Edited Excerpts from an Interview
You have a rather eclectic body of work behind you. You have edited, written both poetry and prose and, translated. If asked to pick one, which of these would you say you enjoyed doing most?
I have a confession to make. I love writing. I love what I do. I enjoy words and playing with words. They don’t always do what you want them to do but they often surprise you by revealing your own intentions. So I don’t have favourites because all the work I have done comes out of the same place: a fascination for language and its ability to create worlds, make magic and inflict pain.
Daya Pawar’s autobiography Baluta was published in 1978. How did you come across the idea of translating it to English now?

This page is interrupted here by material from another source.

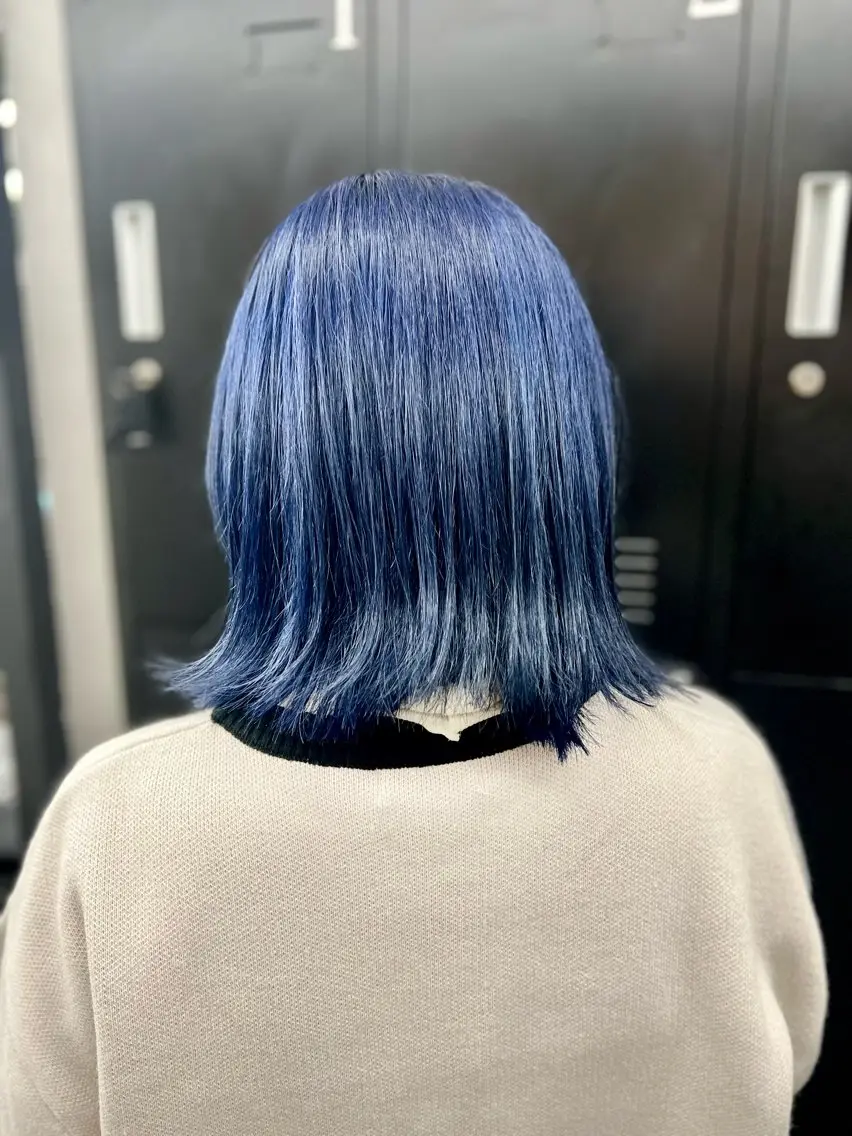 ミディアム カラー ブルーカラー ネイビーカラー シルバー バイオレットカラー カット ヘアカラー 透明感カラー特化🫧 🦋栗原🦋のヘアスタイル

I had first read an extract in Arjun Dangle’s Poisoned Bread: Translations from Modern Marathi Dalit Literature. When Naresh Fernandes and I were working on our anthology Bombay Meri Jaan: Writings from Mumbai (Penguin India), we had included an excerpt from Baluta. So I had always operated on the assumption that it had been translated and somehow I had not got hold of a copy. Two years ago, I asked Shanta Gokhale — who knows everything there is to know about the Marathi sphere — whether she had a copy of Baluta in translation and she said that she did not. I was shocked and asked if she thought I could translate it. She said she was sure I could and thus encouraged, I set out. And Hirabai Pawar, Daya Pawar’s wife and Pradnya Daya Pawar, his daughter, kindly gave me permission and were most gracious in extending any assistance I needed.
Is there any kind of preparation that a translator needs to undertake to get into the author’s shoes?
I am three translations old and would not dare to advise other translators about what they should do. But I did what I thought was right. I read the book through, two or three times. This is only to get into the rhythm of the language. I read it aloud once, to hear it. I read other books. I looked at works on Dr Babasaheb Ambedkar to see if you can tell which talk he must have been giving in Parel that the young Daya Pawar was at. I read about the Mahars. I rummaged through Gazettes. I felt inadequate. I wished I knew more. I wished I were someone else. But I was not someone else. I was me and I kept telling myself that the important thing was that I was willing to try. I hope that counts.